Negative / Trade-offs
- Caller who starts in EN and needs a Dutch medical term mid-call cannot have the agent switch language. Mitigation: the agent transfers to helpdesk on explicit ask. Frequency: < 1 % of calls per pilot data.
- If a tenant wants real multi-language switching mid-call in the future (e.g., a medical-tourism hospital where bilingual conversations are common), this ADR will need to be revisited. At that point we'd reconsider Deepgram multi-mode plus a per-tenant flag, or evaluate a different STT vendor.
Implementation
Single commit (this batch). Files touched:
| File | Change |
|---|---|
backend/app/services/voice/voice_llm_orchestrator.py | Tool removed; helper + patterns removed; in-loop short-circuit simplified |
backend/app/prompts.py | System-prompt tool list updated |
backend/tests/unit/services/voice/test_voice_llm_orchestrator.py | TestLanguageFastPath class removed |
backend/tests/unit/services/voice/test_voice_llm_language_fast_path.py | Deleted |
backend/tests/integration/services/voice/test_voice_llm_orchestrator_integration.py | Two switch_language tool tests removed |
docs/ADR/0052-voice-language-locked-at-first-utterance.md | Master record (this Docusaurus page is its mirror) |
Follow-ups
- The remaining script-2 (English) test deck still exercises a language-switch turn ("Kan je in het Nederlands verder gaan?") — that turn's expectation needs to update from "agent switches" to "agent politely declines and offers transfer". Will update when next test deck is generated.

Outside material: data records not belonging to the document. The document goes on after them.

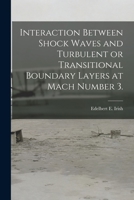 Interaction Between Shock Waves and Turbulent or Transitional Boundary Layers at Mach Number 3. 1014788013 Book Cover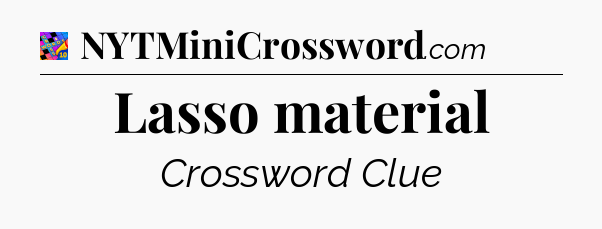 Lasso material Crossword Clue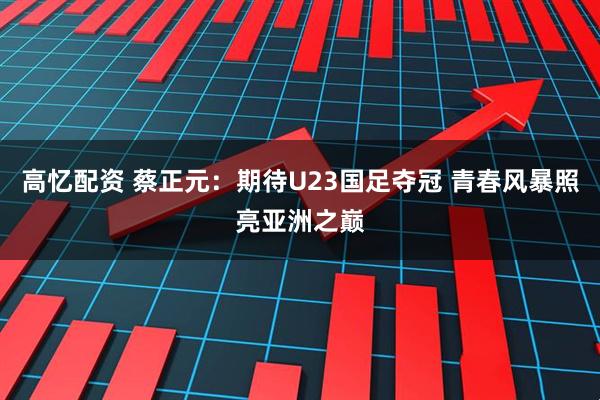 高忆配资 蔡正元：期待U23国足夺冠 青春风暴照亮亚洲之巅
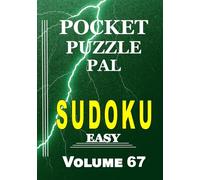 Sudoku Puzzle Book for Adults Pocket Size: Pocket Puzzle Pal, Volume 67, Easy, Puzzles with Solutions, Large 9x9 Puzzle Grids, Adults, Seniors, Teens, Math Games, Brain Games, Great gift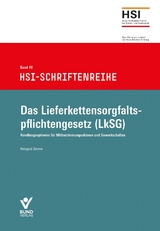 Das Lieferkettensorgfaltspflichtengesetz (LkSG) - Reingard Zimmer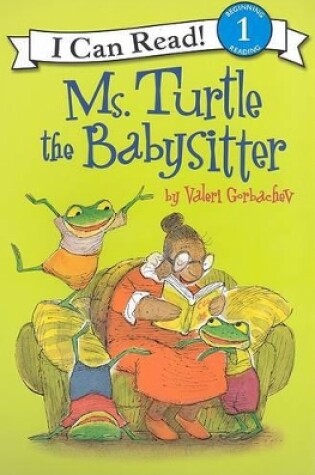 Cover of I Can Read Ms Turtle the Babys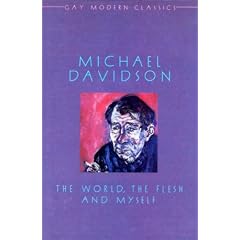World, the Flesh and Myself (Gay Modern Classics)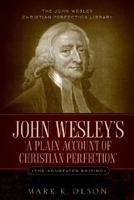 A Plain Account of Christian Perfection 0834101580 Book Cover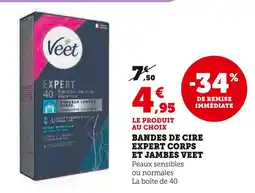 Super U VEET Bandes de cire expert corps et jambes offre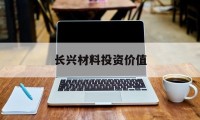 长兴材料投资价值(长兴材料投资价值怎么样)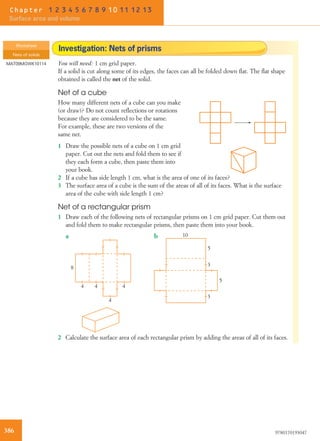 Investigation: Nets of prisms
You will need: 1 cm grid paper.
If a solid is cut along some of its edges, the faces can all be folded down ﬂat. The ﬂat shape
obtained is called the net of the solid.
Net of a cube
How many different nets of a cube can you make
(or draw)? Do not count reﬂections or rotations
because they are considered to be the same.
For example, these are two versions of the
same net.
1 Draw the possible nets of a cube on 1 cm grid
paper. Cut out the nets and fold them to see if
they each form a cube, then paste them into
your book.
2 If a cube has side length 1 cm, what is the area of one of its faces?
3 The surface area of a cube is the sum of the areas of all of its faces. What is the surface
area of the cube with side length 1 cm?
Net of a rectangular prism
1 Draw each of the following nets of rectangular prisms on 1 cm grid paper. Cut them out
and fold them to make rectangular prisms, then paste them into your book.
8
4 4 4
4
10
5
5
3
3
a b
2 Calculate the surface area of each rectangular prism by adding the areas of all of its faces.
Worksheet
Nets of solids
MAT09MGWK10114
386 9780170193047
Chapter 1 2 3 4 5 6 7 8 9 10 11 12 13
Surface area and volume
 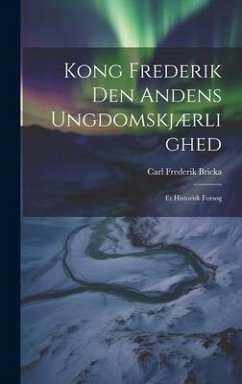 Kong Frederik Den Andens Ungdomskjærlighed: Et Historisk Forsøg - Bricka, Carl Frederik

- Voice eval harness (next batch) — with mid-call switching out of scope, the harness can assume single-language conversations, which simplifies its scoring rubric.
References
- ADR-0049: voice pipeline lineage.
- ADR-0051: the immediate predecessor; this ADR removes the language-switch tool and patterns it added.
- Deepgram Nova-3 announcement — STT model spec, language coverage, and the single-language-mode silence behaviour that motivates the lock-and-stay policy.
- LiveKit Agents documentation — runtime where the first-utterance probe and the orchestrator co-exist.